Marion House, developed by environmentally sustainable design and construction company Positive Footprints, has taken home a BPN Sustainability award in the category of New Single Dwelling.

The clients have previously been living in Mawson, Antarctica and wanted a house that reflected their experience in efficient resource use and which would suit their young family.

The judges praised the house for the consideration which had been taken in terms of the materials used.

"A well considered property, the designers have thought through the sustainability impact of each and every material and component in Marion House."

They added: "The project tells a good sustainability story. It is elegant with a modesty of scale; each component simply achieves what it needs to do. There’s a little bit of poetry to it.

"Importantly, the energy performance is proven with post-occupancy evidence."

The design sought to take a holistic passive solar approach utilising sunlight, natural breezes and mass stability.

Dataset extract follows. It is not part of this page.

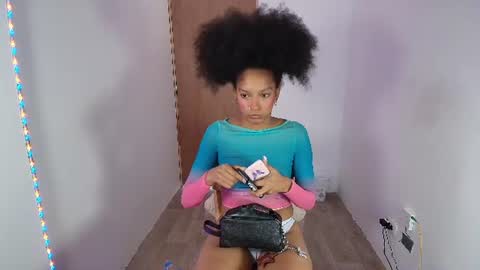 ivylusst online show from August 1, 8:08 pm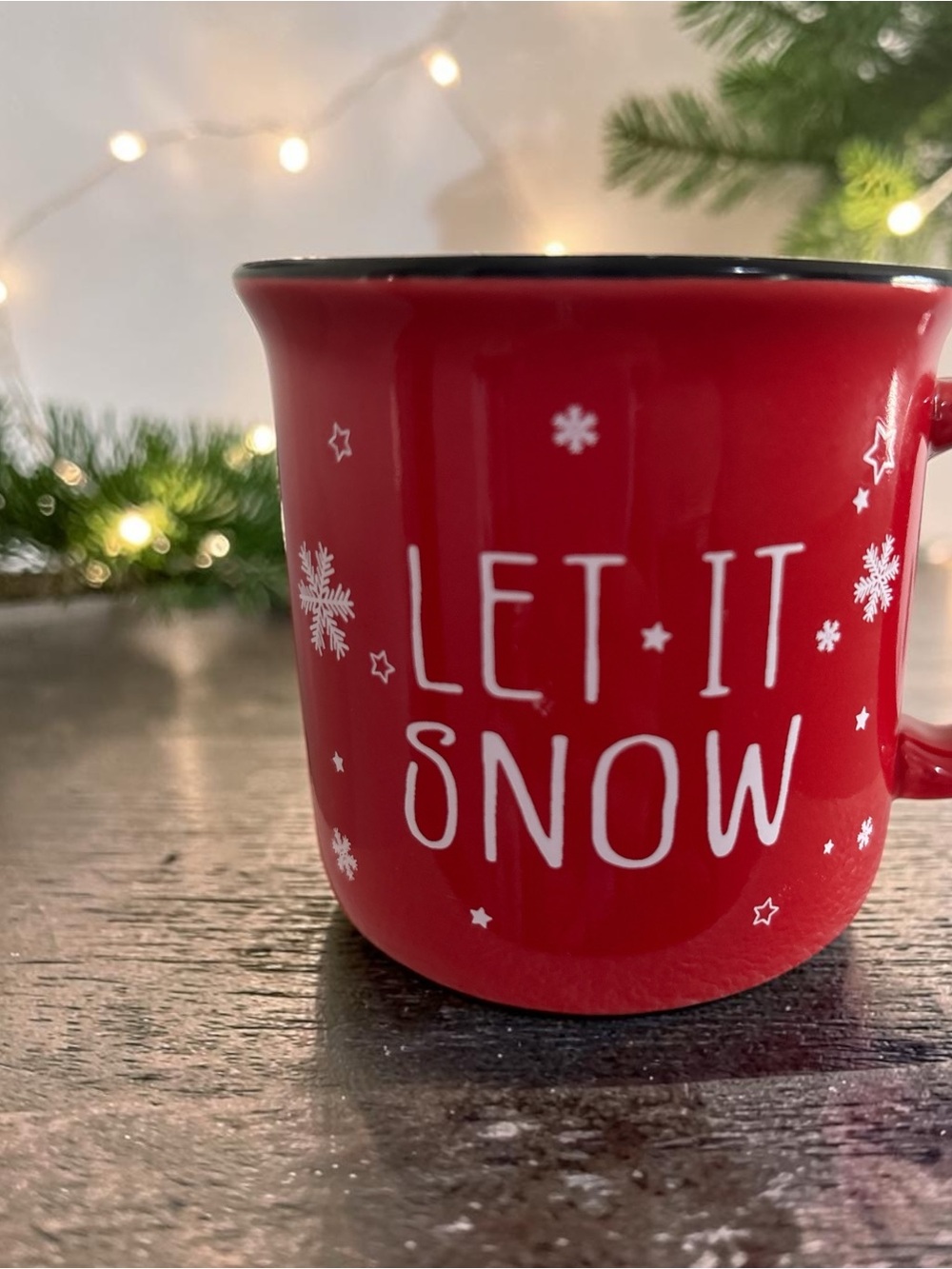 Let It Snow White copal and bergamot 18 oz apricot soy wax candle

The company list their top innovations as the passive evaporative cooling in living spaces, the automation which allows the house to use passive cooling strategies when the people in the house are inactive or absent. It also incorporates a permaculture garden which reduces food miles and has followed the Asthma Foundation recommendations for a healthy home.

INITIATIVES

  • The design seeks to take a holistic passive solar approach in making the most of the natural resources and energy flows available to the site. These resources were:
  • Sunlight:
  • Melbourne is a primarily heating climate.
  • Sunlight has been harnessed for:
  • Space Heating
  • The design maximises solar heat gains by placing large northern windows to bring sunlight deep into the house. Eaves allow full winter penetration but shade out the summer sun. A highly insulated building fabric then traps this heat in winter, and excludes it in summer.
  • Evacuated-tube solar hot water provides 80per cent of the hot water needs.
  • A 2.2 kilowatt panel system offsets the house’s energy use, producing more energy than used over a year.
  • Breezes have been harnessed for cooling.
  • The rear inverted veranda funnels these breezes over living spaces all aligned to this breeze path.
  • Night Purging
  • Casement windows scoop evening breezes cooling the house in summer.
  • Opening the large clerestory windows at the ceiling apex encourages warm air to rise and exit, drawing in cool air to replace it.
  • Melbourne has moderate to large diurnal temperature swings.
  • Thermal mass in the slab, enhanced by a dark polished concrete floor, moderates temperature extremes and provides a thermal reservoir for both heat retention in winter and cooling capacity in summer.
  • Flushing toilets and supplying laundry internally, and garden irrigation. Rain supplies 70 per cent of water requirements.
  • Providing bounty.
  • Irrigation from the watertank, combined with full solar access to the front garden.